Aim of the task.
The lines below starting at the line containing "Foto c5798045-493c-47e4-9d79-7a02e88d484f. Pis" and ending at the line containing "Vintage eternity ring" are to be repeated exactly, with both ends kept and nothing else added.

┌──

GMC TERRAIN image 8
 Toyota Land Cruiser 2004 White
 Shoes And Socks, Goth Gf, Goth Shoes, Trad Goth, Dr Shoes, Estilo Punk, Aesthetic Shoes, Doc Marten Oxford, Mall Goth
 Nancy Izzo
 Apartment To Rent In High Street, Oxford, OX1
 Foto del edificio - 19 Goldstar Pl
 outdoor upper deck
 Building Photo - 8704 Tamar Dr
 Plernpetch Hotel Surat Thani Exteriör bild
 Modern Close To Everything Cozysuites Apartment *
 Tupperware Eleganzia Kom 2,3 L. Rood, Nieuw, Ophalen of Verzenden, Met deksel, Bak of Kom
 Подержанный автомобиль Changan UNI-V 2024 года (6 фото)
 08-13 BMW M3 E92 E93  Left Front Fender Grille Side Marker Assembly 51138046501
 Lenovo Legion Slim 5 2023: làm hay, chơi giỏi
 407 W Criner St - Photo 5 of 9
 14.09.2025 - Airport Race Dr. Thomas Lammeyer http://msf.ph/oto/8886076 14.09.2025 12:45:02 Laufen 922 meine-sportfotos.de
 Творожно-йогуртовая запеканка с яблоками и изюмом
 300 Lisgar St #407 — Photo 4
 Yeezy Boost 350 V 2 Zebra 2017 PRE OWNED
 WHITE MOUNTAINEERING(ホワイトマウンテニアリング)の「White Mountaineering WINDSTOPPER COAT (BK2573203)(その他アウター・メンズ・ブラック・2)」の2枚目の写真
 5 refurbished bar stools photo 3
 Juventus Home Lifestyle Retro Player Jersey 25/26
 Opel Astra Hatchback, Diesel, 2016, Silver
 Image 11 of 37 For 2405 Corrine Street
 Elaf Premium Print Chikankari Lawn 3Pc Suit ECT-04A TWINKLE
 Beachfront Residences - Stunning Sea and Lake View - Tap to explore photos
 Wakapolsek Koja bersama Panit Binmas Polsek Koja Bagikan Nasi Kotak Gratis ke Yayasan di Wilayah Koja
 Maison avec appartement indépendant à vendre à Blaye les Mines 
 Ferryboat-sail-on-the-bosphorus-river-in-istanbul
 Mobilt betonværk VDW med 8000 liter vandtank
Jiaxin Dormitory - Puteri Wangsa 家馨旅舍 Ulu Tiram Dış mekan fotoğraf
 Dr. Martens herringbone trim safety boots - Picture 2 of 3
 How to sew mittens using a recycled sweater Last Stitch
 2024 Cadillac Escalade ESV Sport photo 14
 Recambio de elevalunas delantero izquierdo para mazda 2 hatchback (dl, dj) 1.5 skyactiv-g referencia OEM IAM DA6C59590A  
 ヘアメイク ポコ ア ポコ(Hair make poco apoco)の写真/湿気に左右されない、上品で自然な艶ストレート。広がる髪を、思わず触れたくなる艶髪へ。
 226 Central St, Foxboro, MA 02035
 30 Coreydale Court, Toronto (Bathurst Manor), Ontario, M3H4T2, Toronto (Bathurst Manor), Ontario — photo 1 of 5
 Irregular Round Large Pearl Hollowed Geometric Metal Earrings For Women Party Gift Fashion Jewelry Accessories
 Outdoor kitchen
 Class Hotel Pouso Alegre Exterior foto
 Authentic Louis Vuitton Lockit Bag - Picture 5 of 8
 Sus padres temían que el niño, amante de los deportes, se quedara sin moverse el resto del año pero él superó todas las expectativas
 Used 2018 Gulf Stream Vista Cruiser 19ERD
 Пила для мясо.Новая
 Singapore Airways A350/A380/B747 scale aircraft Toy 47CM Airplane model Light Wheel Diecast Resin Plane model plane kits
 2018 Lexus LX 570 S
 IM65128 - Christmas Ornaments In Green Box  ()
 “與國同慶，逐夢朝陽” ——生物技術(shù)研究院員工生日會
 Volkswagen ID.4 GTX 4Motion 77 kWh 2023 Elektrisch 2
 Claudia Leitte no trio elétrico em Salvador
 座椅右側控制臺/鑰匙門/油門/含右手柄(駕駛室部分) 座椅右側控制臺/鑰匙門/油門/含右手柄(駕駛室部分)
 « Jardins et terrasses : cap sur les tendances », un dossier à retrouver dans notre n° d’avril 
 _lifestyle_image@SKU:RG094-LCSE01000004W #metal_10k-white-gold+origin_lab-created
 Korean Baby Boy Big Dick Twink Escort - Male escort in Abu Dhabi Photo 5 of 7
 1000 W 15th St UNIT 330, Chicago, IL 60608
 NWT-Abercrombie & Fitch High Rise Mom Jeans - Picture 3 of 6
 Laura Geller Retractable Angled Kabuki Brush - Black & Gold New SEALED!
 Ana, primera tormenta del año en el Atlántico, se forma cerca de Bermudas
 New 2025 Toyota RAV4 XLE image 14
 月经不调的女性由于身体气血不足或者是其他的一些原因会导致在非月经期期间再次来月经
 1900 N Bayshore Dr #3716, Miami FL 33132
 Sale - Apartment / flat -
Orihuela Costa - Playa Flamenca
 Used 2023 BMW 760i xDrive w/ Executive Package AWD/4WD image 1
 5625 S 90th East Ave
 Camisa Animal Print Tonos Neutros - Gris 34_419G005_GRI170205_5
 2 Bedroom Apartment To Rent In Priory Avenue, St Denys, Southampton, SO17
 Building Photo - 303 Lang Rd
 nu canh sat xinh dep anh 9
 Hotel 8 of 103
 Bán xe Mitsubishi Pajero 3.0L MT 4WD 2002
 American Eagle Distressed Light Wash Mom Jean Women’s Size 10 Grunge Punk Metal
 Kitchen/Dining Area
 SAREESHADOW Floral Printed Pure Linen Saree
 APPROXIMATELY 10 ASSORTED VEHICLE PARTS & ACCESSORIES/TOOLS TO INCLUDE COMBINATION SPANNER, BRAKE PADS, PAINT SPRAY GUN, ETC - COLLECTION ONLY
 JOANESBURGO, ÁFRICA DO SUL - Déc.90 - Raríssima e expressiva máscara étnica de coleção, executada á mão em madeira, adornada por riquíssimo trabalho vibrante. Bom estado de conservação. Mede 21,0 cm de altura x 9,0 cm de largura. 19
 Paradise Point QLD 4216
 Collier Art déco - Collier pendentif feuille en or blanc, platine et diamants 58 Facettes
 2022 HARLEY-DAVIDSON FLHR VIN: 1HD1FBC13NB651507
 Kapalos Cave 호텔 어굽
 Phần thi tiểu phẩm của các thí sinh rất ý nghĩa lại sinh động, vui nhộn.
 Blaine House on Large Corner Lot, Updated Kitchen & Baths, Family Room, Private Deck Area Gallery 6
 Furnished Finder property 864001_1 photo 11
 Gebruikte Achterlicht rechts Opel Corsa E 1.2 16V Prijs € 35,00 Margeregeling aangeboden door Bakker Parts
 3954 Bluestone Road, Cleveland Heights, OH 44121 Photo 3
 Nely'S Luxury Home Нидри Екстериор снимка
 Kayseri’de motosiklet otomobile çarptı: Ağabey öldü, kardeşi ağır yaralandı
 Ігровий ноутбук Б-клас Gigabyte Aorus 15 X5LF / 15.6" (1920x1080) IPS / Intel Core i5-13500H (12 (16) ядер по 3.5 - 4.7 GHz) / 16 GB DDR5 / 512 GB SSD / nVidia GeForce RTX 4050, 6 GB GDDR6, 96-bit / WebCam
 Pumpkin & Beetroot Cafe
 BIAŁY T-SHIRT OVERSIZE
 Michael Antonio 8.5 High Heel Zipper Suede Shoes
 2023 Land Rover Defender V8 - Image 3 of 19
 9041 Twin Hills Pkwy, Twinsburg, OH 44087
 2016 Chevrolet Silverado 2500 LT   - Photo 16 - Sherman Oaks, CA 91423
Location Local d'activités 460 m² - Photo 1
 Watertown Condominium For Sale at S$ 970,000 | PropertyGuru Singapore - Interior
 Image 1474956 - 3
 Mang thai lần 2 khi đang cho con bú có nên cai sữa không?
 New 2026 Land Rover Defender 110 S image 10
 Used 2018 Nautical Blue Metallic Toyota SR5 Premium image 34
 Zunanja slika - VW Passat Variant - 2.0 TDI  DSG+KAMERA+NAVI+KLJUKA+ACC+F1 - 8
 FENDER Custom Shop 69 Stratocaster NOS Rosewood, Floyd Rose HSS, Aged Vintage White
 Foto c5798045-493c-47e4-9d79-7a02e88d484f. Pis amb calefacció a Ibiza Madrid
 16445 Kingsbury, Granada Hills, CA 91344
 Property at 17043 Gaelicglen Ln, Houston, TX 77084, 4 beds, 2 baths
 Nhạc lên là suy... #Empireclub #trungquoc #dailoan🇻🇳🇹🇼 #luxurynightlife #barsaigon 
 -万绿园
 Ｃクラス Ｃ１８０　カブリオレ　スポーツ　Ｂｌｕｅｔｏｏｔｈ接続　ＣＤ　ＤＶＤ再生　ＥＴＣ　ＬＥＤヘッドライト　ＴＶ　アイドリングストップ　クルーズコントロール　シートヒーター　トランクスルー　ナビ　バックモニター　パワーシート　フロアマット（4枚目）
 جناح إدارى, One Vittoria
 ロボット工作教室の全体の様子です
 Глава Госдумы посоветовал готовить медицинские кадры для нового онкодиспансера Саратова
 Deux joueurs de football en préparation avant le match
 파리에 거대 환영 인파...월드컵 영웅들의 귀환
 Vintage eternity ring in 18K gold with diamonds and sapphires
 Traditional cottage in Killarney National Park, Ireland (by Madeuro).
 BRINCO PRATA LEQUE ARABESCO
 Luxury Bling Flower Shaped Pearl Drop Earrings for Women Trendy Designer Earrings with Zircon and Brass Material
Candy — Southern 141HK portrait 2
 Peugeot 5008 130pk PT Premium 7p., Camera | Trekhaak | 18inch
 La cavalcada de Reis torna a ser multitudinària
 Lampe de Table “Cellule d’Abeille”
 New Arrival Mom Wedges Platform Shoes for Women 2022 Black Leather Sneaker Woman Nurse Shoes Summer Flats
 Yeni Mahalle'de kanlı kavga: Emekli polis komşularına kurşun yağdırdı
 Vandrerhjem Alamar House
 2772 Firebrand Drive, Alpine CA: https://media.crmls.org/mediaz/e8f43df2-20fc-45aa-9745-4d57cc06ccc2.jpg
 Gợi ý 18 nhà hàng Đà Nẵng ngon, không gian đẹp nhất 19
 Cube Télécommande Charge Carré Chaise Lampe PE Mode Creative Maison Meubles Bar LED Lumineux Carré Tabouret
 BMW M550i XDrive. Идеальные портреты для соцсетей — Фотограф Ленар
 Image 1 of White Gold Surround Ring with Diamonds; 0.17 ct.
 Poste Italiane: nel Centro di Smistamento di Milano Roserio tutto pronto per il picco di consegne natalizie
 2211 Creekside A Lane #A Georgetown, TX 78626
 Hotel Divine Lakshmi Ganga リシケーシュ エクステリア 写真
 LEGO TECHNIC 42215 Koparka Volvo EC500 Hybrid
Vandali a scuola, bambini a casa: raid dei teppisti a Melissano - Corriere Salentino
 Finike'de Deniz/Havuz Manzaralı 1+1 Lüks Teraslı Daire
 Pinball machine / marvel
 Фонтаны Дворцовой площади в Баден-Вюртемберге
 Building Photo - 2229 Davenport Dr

└──

Your solution.
 Foto c5798045-493c-47e4-9d79-7a02e88d484f. Pis amb calefacció a Ibiza Madrid
 16445 Kingsbury, Granada Hills, CA 91344
 Property at 17043 Gaelicglen Ln, Houston, TX 77084, 4 beds, 2 baths
 Nhạc lên là suy... #Empireclub #trungquoc #dailoan🇻🇳🇹🇼 #luxurynightlife #barsaigon 
 -万绿园
 Ｃクラス Ｃ１８０　カブリオレ　スポーツ　Ｂｌｕｅｔｏｏｔｈ接続　ＣＤ　ＤＶＤ再生　ＥＴＣ　ＬＥＤヘッドライト　ＴＶ　アイドリングストップ　クルーズコントロール　シートヒーター　トランクスルー　ナビ　バックモニター　パワーシート　フロアマット（4枚目）
 جناح إدارى, One Vittoria
 ロボット工作教室の全体の様子です
 Глава Госдумы посоветовал готовить медицинские кадры для нового онкодиспансера Саратова
 Deux joueurs de football en préparation avant le match
 파리에 거대 환영 인파...월드컵 영웅들의 귀환
 Vintage eternity ring in 18K gold with diamonds and sapphires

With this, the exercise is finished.